I would again say a BIG Thank You for the question and the explanation.
Great Solution, but what about when an exception is raised?
September 5, 2006 - 11am Central time zone
Reviewer: From an Oracle guy who doesn't know Java from Minneapolis, MN
This example is what I was looking for, but it doesn't seem to work if an exception is raised from
Oracle. How do you get it to print the dbms_output if an exception is raised?
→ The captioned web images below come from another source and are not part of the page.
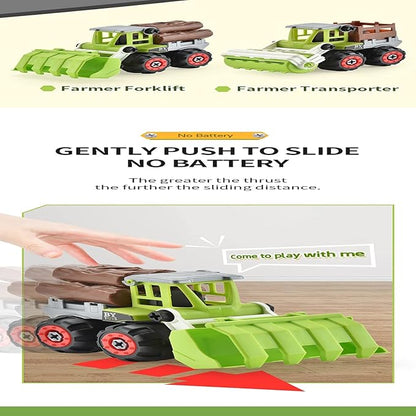 Farmer Car Toy Farm Set Tractor Children s Engineering Vehicle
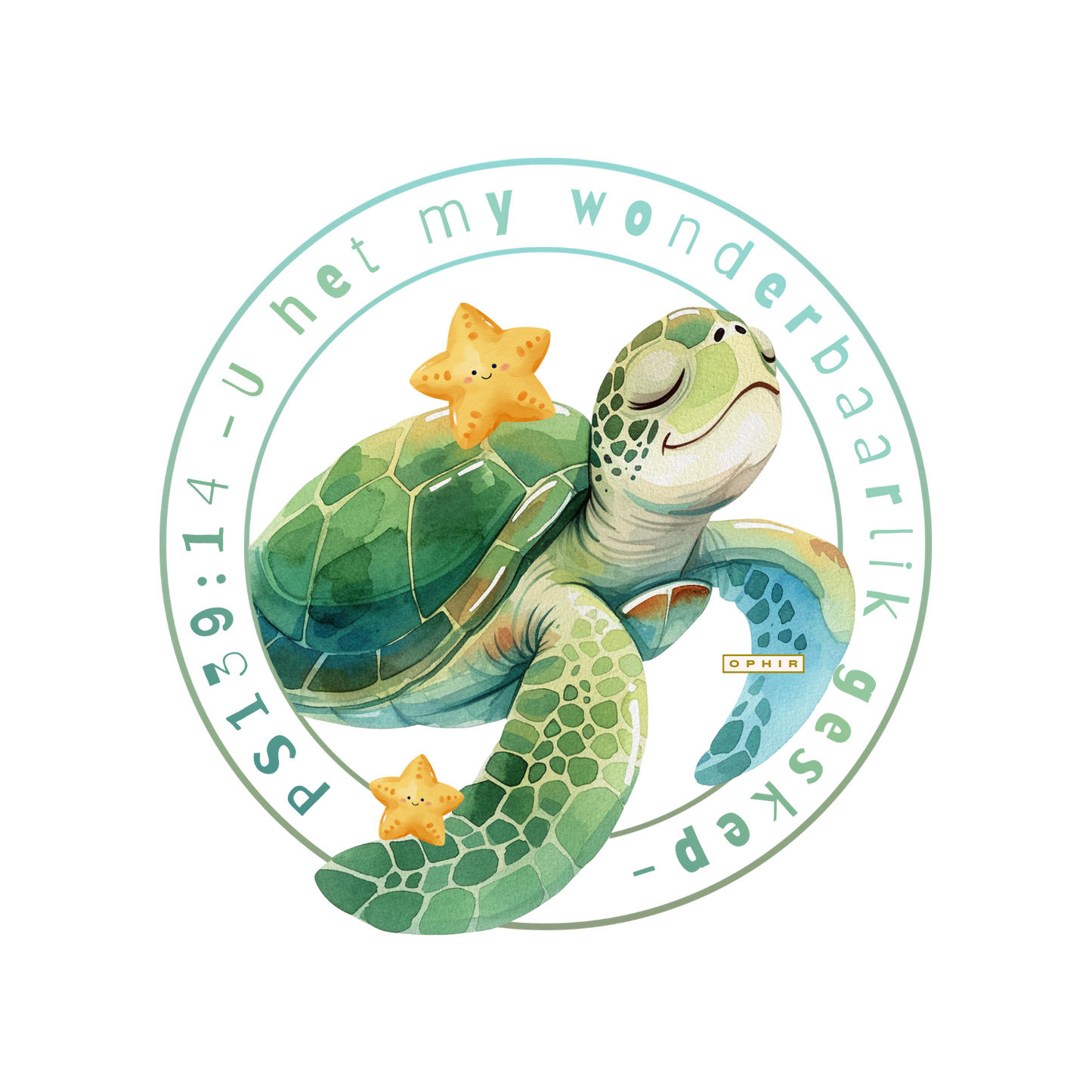SEA TURTLE PS.139 T-SHIRT (AFR -KIDS)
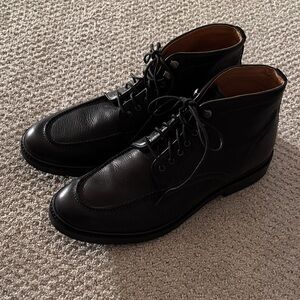 Warfield & Grand Ogden Dark Leather Lace-Up Boots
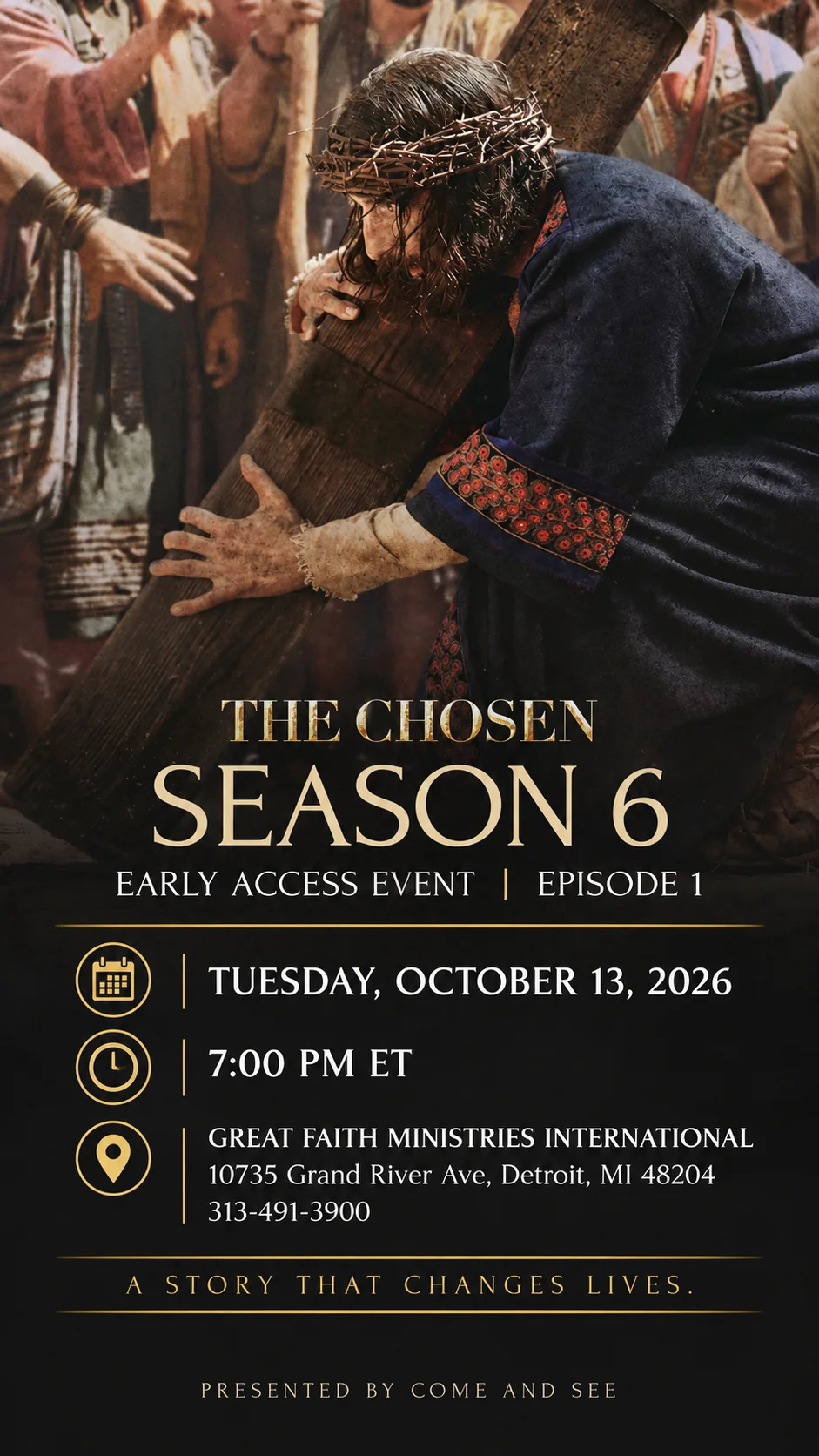 The Chosen Season 6 Episode 1 Early Access Event at Great Faith Ministries International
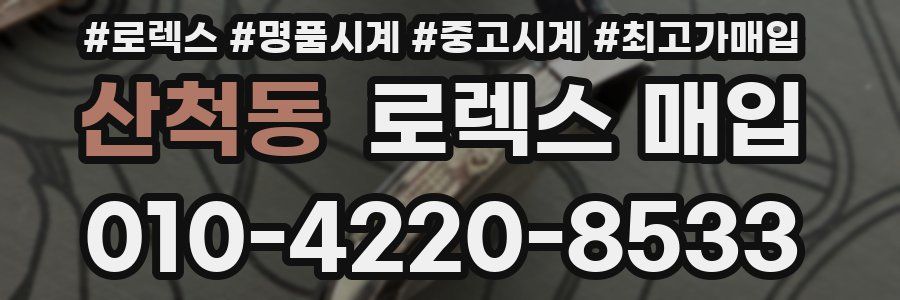 산척동 로렉스 매입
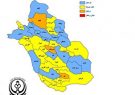 آخرین وضعیت رنگبندی نقشه کرونا در فارس/۳ شهرستان در وضعیت نارنجی و ۱۸ شهرستان در وضعیت زرد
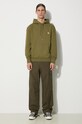 Maison Kitsuné cotton sweatshirt Chillax Patch Regular Hoodie LM00706KM0001 green AW24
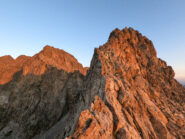 L’inizio della traversata che porta alla cima Borello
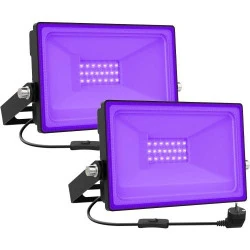 Onforu Lumière Noire LED 20W, Projecteur UV Étanche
Followup September 5, 2006 - 5pm Central time zone:
not sure what you mean ??
sure it does, anything you wrote to the dbms_output buffer will be there, you're application just
needs to retrieve and display it.
saved me a lot of work
September 27, 2006 - 10am Central time zone
Reviewer: A reader
Thanks for this solution that saved me a lot of effort:)
sheers

July 5, 2008 - 3pm Central time zone
Reviewer: AlcoNaft from Norway
Thanks a lot! Your post saves a lot of time for me :)
Usage of this information
October 10, 2008 - 1pm Central time zone
Reviewer: A reader from Chicago, IL, USA
Very Useful. We used the code within our architecture so now the developers automatically see all
the PUT_LINE statements when executing the batch scripts in the DOS window.
Simple to understand ?
February 20, 2009 - 10am Central time zone
Reviewer: A reader
System.out.println("Executing stored proc.");
clStmt = con.prepareCall("begin dbms_output.enable(?); " +
"dbms_output.put_line('----hello there---'); " +
"dbms_output.put_line('----hello there2---'); " +
"end;");
clStmt.setInt(1, 100000);
clStmt.execute();
CallableStatement showOutput = con.prepareCall("" +
" begin " +
" dbms_output.get_line(:1,:status); " +
"end;" );
showOutput.registerOutParameter(1, java.sql.Types.VARCHAR); // line
showOutput.registerOutParameter(2, java.sql.Types.INTEGER); // done (no more) ?
for (int i=0;;i++){
showOutput.executeUpdate();
if(showOutput.getInt(2)== 1){
break;
}
System.out.println(showOutput.getString(1));
}
showOutput.close();
Followup February 21, 2009 - 9pm Central time zone:
I don't know what you mean????
I did however, provide a package (a class, a module, a set of subroutines, whatever you want to call it) to make using dbms_output from a java program "simple" yes.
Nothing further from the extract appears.